> WHAT TO PRODUCE
When you reach the line with "Лифтбек Skoda Octavia 2009 в Виннице" in the records below, begin transcribing exactly and continue up to and including the line with "Débloquez la puissance", leaving out every picture.

*** RECORDS FOR PROCESSING Section Begins ***

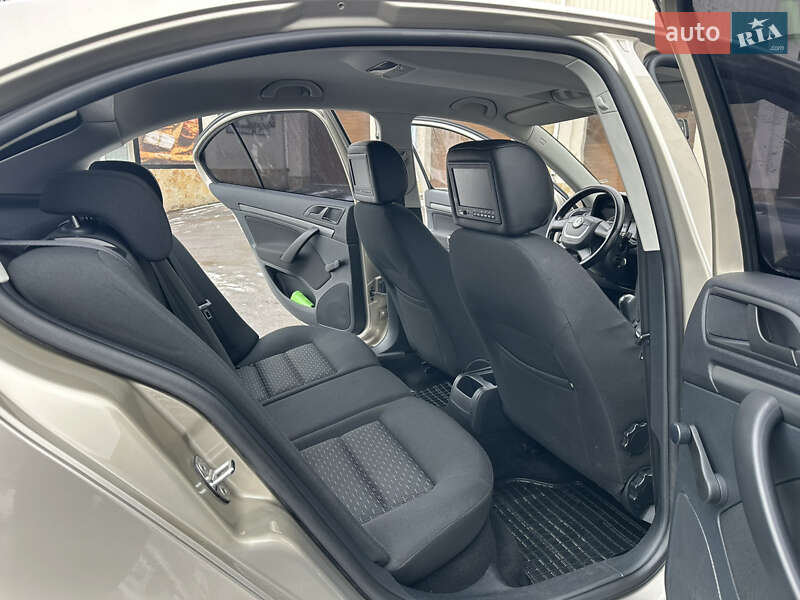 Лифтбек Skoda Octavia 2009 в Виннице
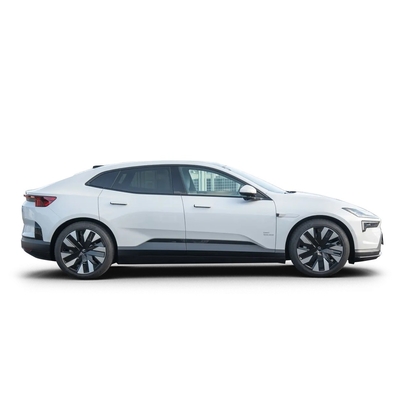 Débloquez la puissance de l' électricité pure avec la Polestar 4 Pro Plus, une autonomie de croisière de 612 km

*** RECORDS FOR PROCESSING Section Ends ***
*** RECORDS FOR PROCESSING Section Begins ***

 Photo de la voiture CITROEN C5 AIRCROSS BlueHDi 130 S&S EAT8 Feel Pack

*** RECORDS FOR PROCESSING Section Ends ***
*** RECORDS FOR PROCESSING Section Begins ***

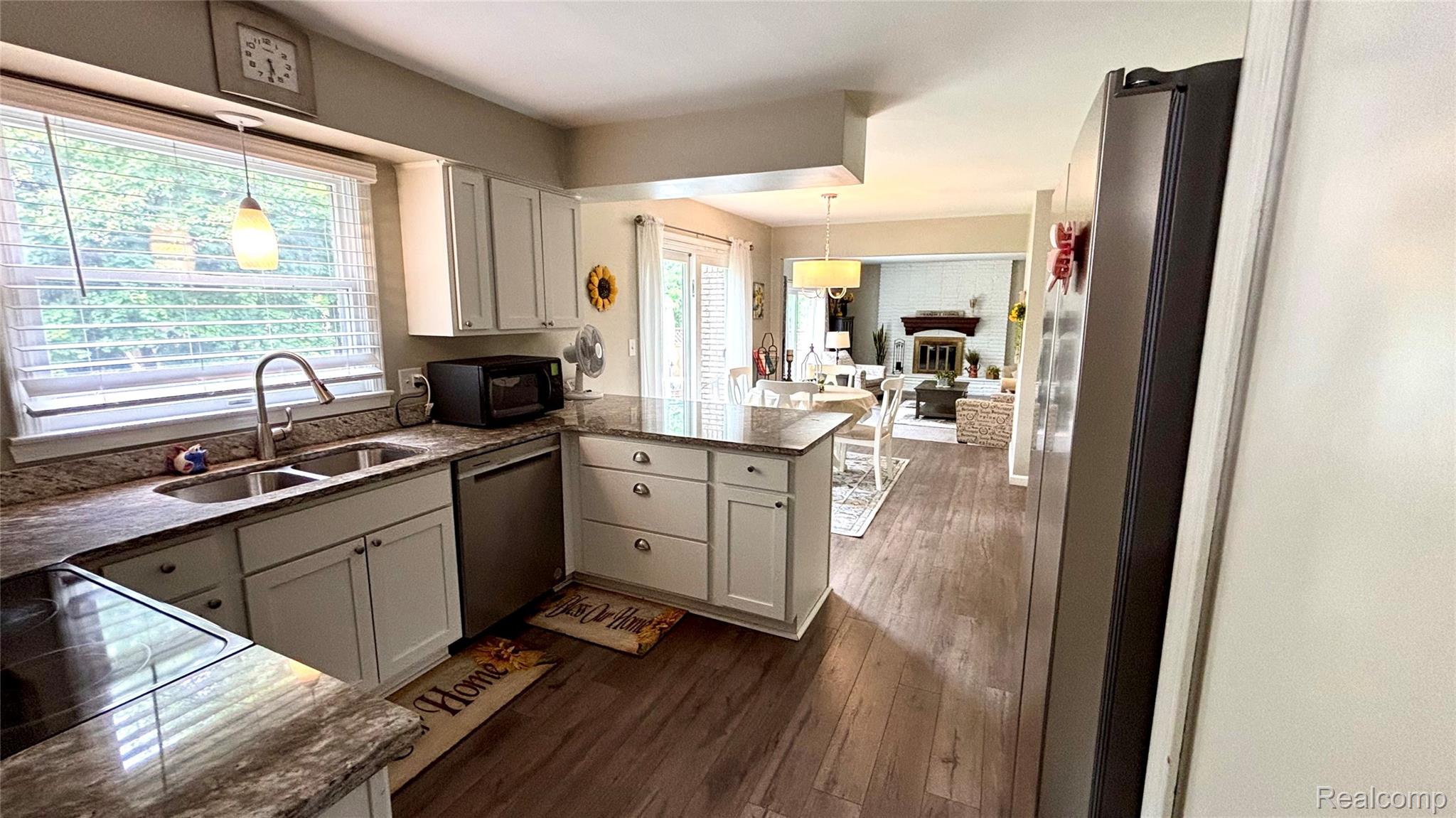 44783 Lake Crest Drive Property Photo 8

*** RECORDS FOR PROCESSING Section Ends ***

> WRITTEN SOLUTION
 Лифтбек Skoda Octavia 2009 в Виннице
 Débloquez la puissance de l' électricité pure avec la Polestar 4 Pro Plus, une autonomie de croisière de 612 km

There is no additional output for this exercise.